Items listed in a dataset
☆ ☆ ☆

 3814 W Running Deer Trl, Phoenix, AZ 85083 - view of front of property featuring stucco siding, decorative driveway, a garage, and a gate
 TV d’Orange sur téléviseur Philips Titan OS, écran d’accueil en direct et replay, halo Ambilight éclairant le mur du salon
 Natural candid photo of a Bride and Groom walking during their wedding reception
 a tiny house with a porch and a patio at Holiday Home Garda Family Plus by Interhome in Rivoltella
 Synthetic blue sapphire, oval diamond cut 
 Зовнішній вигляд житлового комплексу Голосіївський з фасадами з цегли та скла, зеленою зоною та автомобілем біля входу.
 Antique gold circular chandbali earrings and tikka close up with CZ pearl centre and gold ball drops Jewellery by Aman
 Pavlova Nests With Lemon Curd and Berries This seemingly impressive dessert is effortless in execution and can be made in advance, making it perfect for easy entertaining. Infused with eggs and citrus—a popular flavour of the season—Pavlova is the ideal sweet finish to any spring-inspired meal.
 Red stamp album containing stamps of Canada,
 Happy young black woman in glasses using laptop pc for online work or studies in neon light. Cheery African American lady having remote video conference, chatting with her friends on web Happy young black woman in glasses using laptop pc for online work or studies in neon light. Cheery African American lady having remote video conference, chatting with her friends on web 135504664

☆ ☆ ☆

● **WORK INSTRUCTION**: What is needed is an exact copy of every entry.

● **EXPECTED ANSWER**:
 3814 W Running Deer Trl, Phoenix, AZ 85083 - view of front of property featuring stucco siding, decorative driveway, a garage, and a gate
 TV d’Orange sur téléviseur Philips Titan OS, écran d’accueil en direct et replay, halo Ambilight éclairant le mur du salon
 Natural candid photo of a Bride and Groom walking during their wedding reception
 a tiny house with a porch and a patio at Holiday Home Garda Family Plus by Interhome in Rivoltella
 Synthetic blue sapphire, oval diamond cut 
 Зовнішній вигляд житлового комплексу Голосіївський з фасадами з цегли та скла, зеленою зоною та автомобілем біля входу.
 Antique gold circular chandbali earrings and tikka close up with CZ pearl centre and gold ball drops Jewellery by Aman
 Pavlova Nests With Lemon Curd and Berries This seemingly impressive dessert is effortless in execution and can be made in advance, making it perfect for easy entertaining. Infused with eggs and citrus—a popular flavour of the season—Pavlova is the ideal sweet finish to any spring-inspired meal.
 Red stamp album containing stamps of Canada,
 Happy young black woman in glasses using laptop pc for online work or studies in neon light. Cheery African American lady having remote video conference, chatting with her friends on web Happy young black woman in glasses using laptop pc for online work or studies in neon light. Cheery African American lady having remote video conference, chatting with her friends on web 135504664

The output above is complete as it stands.